Stash Café : Repaire polonais au cœur du Vieux-Port
Rencontre avec Anita Karski, propriétaire d’un restaurant à l’épreuve du temps depuis plus de 40 ans.
À l’heure où les Montréalais s’inquiètent de la fermeture d’institutions, des croissantes ouvertures de nouveaux établissements et de l’inéluctable courte durée de vie de ceux-ci, une taverne du Vieux-Montréal semble inébranlable depuis maintenant 42 ans. Anita Karski, ancienne serveuse du Stash Café qui en est aujourd’hui propriétaire, nous raconte son histoire.
«À l’origine, c’était un petit café sur Saint-Sulpice. Son propriétaire, un journaliste pour la Gazette, s’appelait Stanislas, d’où le nom « Stash », qui en est un diminutif. Après cinq ans, il l’a vendu à une femme, Eva.» En 1992, le bâtiment adjacent au local a pris feu et le Stash Café a dû déménager à son emplacement actuel, rue Saint-Paul. Contrairement à aujourd’hui, où les commerces bourgeonnent jusqu’à la rue McGill, ce secteur du Vieux-Port était quasi désertique. «Eva en a été propriétaire pendant une trentaine d’années, c’était ma patronne lorsque j’y travaillais. C’est comique parce qu’elle aussi était serveuse avant de l’acheter à Stanislas!», relate Anita. Une affaire de famille, pourrait-on dire, l’entreprise étant toujours restée entre les mains d’employés.
C’est en février 2010, il y aura bientôt cinq ans, qu’Anita a repris le flambeau. «Je n’ai presque rien changé», révèle-t-elle. «Même la décoration, je voulais la garder telle quelle.» Avec ses grandes affiches d’artistes polonais connus suspendues au plafond, le décor du Stash Café s’éloigne du kitsch folklorique polonais, une esthétique plus recherchée qu’on pourrait retrouver à Cracovie, nous apprend Anita.

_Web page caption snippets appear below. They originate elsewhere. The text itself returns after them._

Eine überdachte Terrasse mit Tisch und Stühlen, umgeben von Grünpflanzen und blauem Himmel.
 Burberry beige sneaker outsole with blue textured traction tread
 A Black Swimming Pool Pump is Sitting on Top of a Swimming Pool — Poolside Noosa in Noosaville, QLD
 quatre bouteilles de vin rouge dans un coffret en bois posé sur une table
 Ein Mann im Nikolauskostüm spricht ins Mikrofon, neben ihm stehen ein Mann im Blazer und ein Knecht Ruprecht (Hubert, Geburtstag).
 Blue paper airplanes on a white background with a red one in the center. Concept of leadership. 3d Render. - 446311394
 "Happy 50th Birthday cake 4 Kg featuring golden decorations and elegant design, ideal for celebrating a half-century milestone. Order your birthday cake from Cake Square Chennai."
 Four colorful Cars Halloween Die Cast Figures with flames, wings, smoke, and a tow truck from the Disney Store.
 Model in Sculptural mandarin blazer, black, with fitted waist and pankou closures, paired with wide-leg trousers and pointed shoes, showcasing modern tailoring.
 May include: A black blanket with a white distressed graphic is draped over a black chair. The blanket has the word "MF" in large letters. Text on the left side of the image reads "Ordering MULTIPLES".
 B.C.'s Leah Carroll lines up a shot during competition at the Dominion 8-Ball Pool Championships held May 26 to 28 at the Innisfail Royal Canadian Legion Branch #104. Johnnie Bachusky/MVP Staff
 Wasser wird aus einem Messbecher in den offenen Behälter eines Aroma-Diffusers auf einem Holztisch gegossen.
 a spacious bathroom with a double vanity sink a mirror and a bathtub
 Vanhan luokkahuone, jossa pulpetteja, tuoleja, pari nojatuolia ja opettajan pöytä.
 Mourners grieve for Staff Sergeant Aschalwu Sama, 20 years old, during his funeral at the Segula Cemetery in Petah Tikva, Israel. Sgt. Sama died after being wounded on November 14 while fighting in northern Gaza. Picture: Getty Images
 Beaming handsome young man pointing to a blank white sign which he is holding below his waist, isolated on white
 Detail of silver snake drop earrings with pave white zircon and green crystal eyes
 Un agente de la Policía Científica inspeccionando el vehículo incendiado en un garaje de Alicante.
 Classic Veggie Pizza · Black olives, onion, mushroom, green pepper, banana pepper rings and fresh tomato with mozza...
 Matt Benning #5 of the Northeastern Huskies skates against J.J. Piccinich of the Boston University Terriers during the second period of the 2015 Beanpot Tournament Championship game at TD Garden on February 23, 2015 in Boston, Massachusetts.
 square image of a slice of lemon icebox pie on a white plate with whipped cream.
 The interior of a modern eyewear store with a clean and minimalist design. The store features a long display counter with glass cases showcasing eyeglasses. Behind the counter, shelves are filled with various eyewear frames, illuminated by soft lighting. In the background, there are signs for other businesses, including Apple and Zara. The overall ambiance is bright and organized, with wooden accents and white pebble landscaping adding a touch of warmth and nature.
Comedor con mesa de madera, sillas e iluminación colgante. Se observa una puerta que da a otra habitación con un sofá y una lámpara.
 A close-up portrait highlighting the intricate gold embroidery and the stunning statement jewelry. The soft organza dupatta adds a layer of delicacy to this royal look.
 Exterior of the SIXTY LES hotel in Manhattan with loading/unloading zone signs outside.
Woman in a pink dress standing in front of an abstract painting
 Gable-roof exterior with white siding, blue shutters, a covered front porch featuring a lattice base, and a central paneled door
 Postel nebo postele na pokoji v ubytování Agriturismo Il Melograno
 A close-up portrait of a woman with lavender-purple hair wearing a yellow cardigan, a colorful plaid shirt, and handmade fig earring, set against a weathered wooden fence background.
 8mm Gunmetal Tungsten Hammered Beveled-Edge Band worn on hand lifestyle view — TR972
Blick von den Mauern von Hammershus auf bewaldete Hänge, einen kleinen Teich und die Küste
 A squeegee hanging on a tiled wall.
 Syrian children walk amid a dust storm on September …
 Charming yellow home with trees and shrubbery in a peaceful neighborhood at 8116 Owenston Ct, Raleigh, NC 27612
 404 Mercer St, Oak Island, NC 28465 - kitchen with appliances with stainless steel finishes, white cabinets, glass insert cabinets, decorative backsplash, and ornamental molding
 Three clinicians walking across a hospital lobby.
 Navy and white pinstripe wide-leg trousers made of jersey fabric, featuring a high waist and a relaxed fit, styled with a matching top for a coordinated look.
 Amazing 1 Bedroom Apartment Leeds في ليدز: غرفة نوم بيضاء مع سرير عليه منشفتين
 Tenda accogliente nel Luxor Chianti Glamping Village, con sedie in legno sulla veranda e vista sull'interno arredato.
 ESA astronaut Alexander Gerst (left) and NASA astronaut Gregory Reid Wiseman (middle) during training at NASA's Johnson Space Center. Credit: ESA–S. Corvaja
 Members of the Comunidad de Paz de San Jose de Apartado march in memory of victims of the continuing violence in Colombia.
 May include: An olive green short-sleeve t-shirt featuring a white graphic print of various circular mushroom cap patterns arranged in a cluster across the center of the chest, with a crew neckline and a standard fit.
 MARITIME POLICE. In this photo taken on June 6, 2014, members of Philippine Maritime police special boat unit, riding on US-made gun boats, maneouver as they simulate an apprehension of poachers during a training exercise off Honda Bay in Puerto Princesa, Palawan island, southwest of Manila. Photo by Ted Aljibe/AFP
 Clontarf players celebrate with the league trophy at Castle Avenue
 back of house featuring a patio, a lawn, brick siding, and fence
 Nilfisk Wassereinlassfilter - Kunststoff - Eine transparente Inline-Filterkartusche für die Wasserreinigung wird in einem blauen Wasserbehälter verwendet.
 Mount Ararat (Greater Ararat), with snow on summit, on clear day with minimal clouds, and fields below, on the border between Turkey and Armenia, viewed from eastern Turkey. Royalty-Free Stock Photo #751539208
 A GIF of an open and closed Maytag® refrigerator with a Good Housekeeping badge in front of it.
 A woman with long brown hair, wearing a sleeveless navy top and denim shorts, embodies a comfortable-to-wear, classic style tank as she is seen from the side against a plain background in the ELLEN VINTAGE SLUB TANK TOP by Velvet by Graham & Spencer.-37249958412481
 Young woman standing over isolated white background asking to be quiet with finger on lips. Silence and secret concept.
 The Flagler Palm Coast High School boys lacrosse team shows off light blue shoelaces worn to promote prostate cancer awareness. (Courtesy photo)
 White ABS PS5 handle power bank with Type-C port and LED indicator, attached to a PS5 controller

Si la déco n’a pas été rafraîchie, la clientèle, elle, a rajeuni. «Il y a plus de jeunes professionnels allant au restaurant qu’il y a une dizaine d’années et ils sont ouverts à essayer de nouvelles choses», remarque Anita. «Les gens pensent à aller manger chinois, grec, mais pas polonais. J’adore les voir découvrir notre cuisine! Ils ne savent pas à quoi s’attendre, puis s’aperçoivent que c’est vraiment réconfortant. C’est de la bouffe paysanne, c’est parfait pour l’hiver.»
Bortsch (consommé de betteraves), pierogis (raviolis farcis de pommes de terre et de fromage blanc), bigos (ragoût de choucroute avec morceaux de saucisses, champignons et prunes)… Anita nous parle aussi d’une certaine soupe au cornichon (bouillon de légumes avec lamelles de cornichons à l’aneth marinés) qui est particulièrement prisée des clients. «Au début, les gens sont sceptiques, mais dès qu’une personne l’essaie, tout le reste de la table finit par la commander!», rigole-t-elle.
«On est chanceux d’être un resto de niche», poursuit Anita. «Il y a tellement de restaurants français, du terroir… Contrairement aux établissements qui voient leur clientèle diminuer en raison du nombre grandissant de restaurants, la nôtre est stable.» Le succès du Stash Café repose sur l’originalité de sa cuisine, certes, mais aussi sur son emplacement significatif, ajoute Anita. Les touristes lui font souvent la remarque que chez eux, les petits cafés polonais sont situés aléatoirement, souvent en banlieue. Un restaurant polonais de ce calibre dans un quartier aussi important historiquement? Du jamais vu, selon eux.
En plus des clients passagers, le Stash Café est fréquenté par énormément d’habitués. Résidents et travailleurs du quartier, Polonais avides de spécialités du pays… Mais ce ne sont pas qu’eux qui s’y sentent comme chez eux. Ce type de bouffe réconfort évoque la cuisine de maintes autres cultures. Plusieurs pays possédant leur propre interprétation des choux farcis, par exemple. «Les gens les adorent. Même si ce n’est pas leur recette de famille, c’est comme s’il y avait quelque chose qui leur rappelait la cuisine de leur mère», suggère Anita.
Née à Montréal de parents polonais, Anita Karski est fière ambassadrice de ses racines. «Je ne me suis jamais sentie aussi Polonaise qu’en travaillant ici. Même mon polonais s’est amélioré puisque c’est ainsi que je parle avec les employés [plusieurs étant nés en Pologne ou étant immigrants de première génération] et les clients polonais.» Passez les voir la prochaine fois que vous gravirez les rues enneigées du Vieux-Montréal et profitez-en pour écouter le pianiste qui y joue tous les soirs. Allez, na zdrowie!